Rien qu'en prenant connaissance du résumé du film, je sais qu'il me plaît déjà. Notamment parce que dans mon esprit, ce film ressemble à la suite baroque de J'ai tué ma mère, un long métrage qui m'a jetée par terre, émue, touchée et fait verser toutes les larmes de mon corps de mère.

Notez que je n'ai plus vécu ce débordement d'enthousiasme ni ce déluge d'émotions pour les trois autres films de Xavier Dolan, que je n'ai pas aimés pour toutes sortes de bonnes et de mauvaises raisons qui n'ont rien à voir avec le cinéaste extrêmement habile et talentueux qu'est Dolan, et tout à voir avec sa précocité.

Il y avait dans J'ai tué ma mère le cri du coeur sincère et déchirant d'un jeune cinéaste qui se mettait au monde en parlant de la chose la plus profonde et peut-être la seule chose qu'il connaissait intimement: sa relation avec sa mère.

À ce moment précis de sa courte et jeune vie, Xavier Dolan avait cette chose-là à dire au monde, et il l'a dite magistralement. Le succès que le film a connu tant au Québec qu'à l'étranger n'a pas été le fruit du hasard ou d'une habile campagne de marketing. Ce film-là était un grand film sur un sujet universel qui n'a laissé personne insensible.

Mais comme le jeune Xavier était impatient, impétueux, pressé d'exister à nouveau ou peut-être paniqué à l'idée de disparaître après avoir brillé trop brièvement, il est revenu à la charge avec un film, puis un autre, puis un autre, se perdant dans une frénésie de production qui, à mes yeux, du moins, a fini par tourner à vide.

Sur les plans visuel, esthétique, plastique, ces autres films étaient des réussites. Mais ils ressemblaient à des exercices de style plutôt qu'à des oeuvres surgies du coeur de leur auteur, même si ce dernier a probablement mis tout son coeur et son énergie pour les réaliser.

Il n'en demeure pas moins qu'avec ces films, Xavier Dolan n'avait pas grand-chose à nous dire et à nous offrir. Et c'est normal. On a beau être un petit génie de 25 ans, cela ne fait pas de nous un être humain qui a beaucoup vécu et qui a une grande connaissance de l'humanité et de la condition humaine. Dolan en était le premier conscient lorsqu'il a annoncé qu'il prenait une pause pour aller étudier l'histoire de l'art à McGill et vivre une jeunesse qui a fini par lui échapper.
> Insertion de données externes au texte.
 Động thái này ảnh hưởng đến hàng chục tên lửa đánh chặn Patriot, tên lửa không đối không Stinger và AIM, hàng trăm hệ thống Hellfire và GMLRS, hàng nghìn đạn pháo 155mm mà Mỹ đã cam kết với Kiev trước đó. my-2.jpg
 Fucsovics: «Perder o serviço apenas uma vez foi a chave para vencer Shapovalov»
Évidemment, l'invitation à Cannes - qui est une consécration en soi - vient brouiller les cartes. J'espère que Dolan va en profiter, mais qu'il ne perdra pas de vue que pour faire des films, il faut vivre et vivre encore. J'espère aussi qu'il ne fantasmera pas trop sur cette foutue Palme d'or dont il pourrait être le plus jeune lauréat après Steven Soderbergh, qui l'a eue à 26 ans.
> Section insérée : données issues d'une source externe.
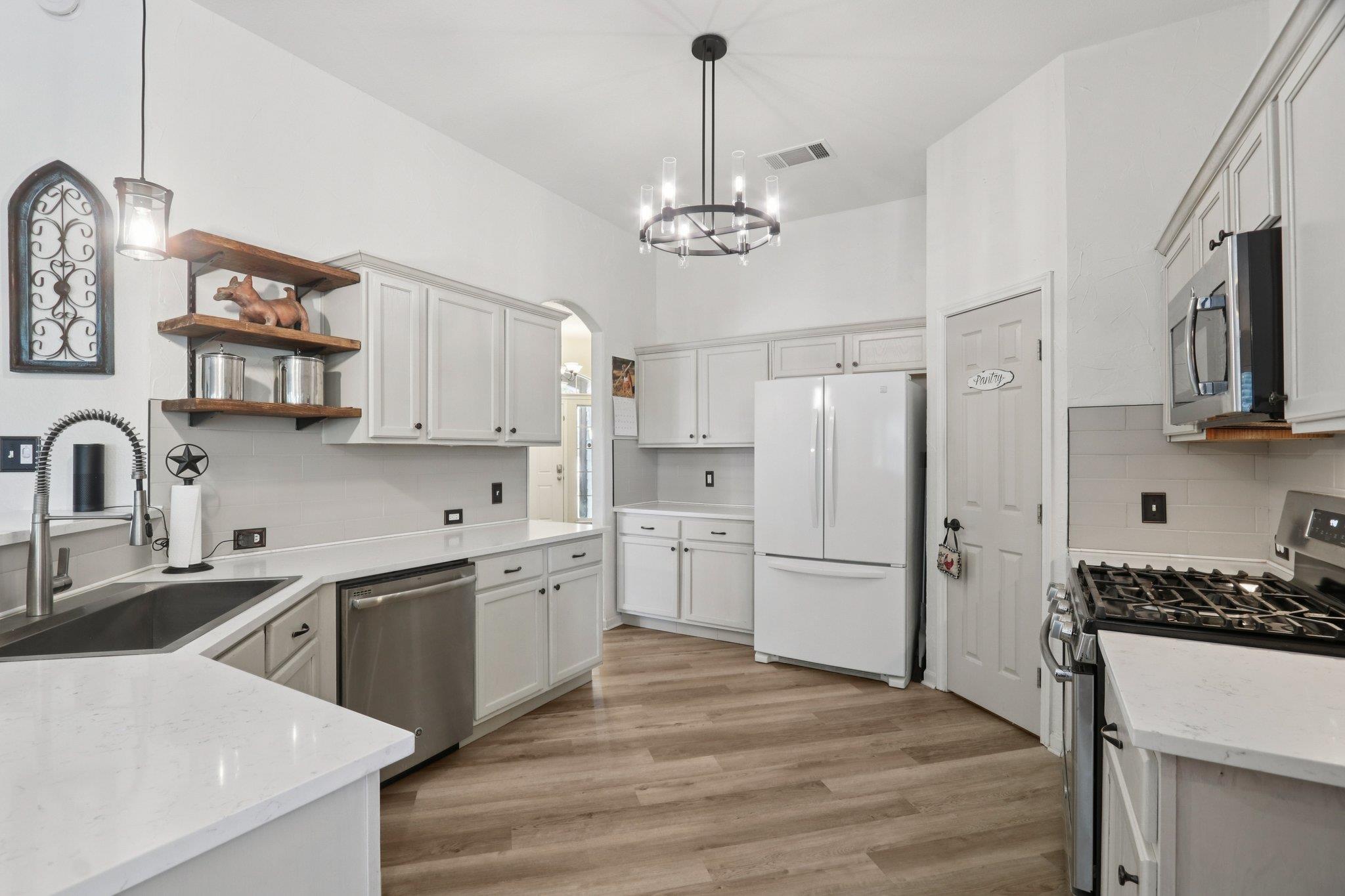 807 Plumbago Dr, Pflugerville, TX 78660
J'étais à Cannes, l'année où Soderbergh est reparti avec la Palme d'or. Je me souviens encore de son discours ému et du coup de chapeau qu'il a fait à Denys Arcand qui, disait-il, était une inspiration. C'était il y a 25 ans. Xavier Dolan venait à peine de naître.
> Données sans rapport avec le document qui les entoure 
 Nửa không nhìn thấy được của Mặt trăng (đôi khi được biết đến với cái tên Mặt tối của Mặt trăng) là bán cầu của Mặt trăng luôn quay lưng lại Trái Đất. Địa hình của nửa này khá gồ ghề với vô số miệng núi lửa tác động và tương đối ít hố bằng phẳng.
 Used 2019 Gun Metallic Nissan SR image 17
Si tout cela ne faisait pas partie des hasards, des ironies et des fatalités de la vie, je dirais que nous sommes dans un film: un film dolanien.

On en parle trop



Des compressions à Radio-Canada. Mais pas assez du fait que c'est la CBC qui va mal, et non Radio-Canada. Pourquoi Radio-Canada subirait-elle les mêmes compressions que son homologue anglo alors qu'elle est nettement plus rentable? C'est la question à un million à laquelle ne répond jamais Hubert Lacroix.

On n'en parle pas assez

Du départ du très talentueux designer de mode Helmer, qui retourne à Paris. Après sept années à confectionner des robes sublimes et à essayer de rayonner dans une ville où le design de mode ne cesse de perdre des plumes et où la haute couture n'existe pas, il retourne vivre et travailler à Paris. Dommage. Une grande perte pour Montréal.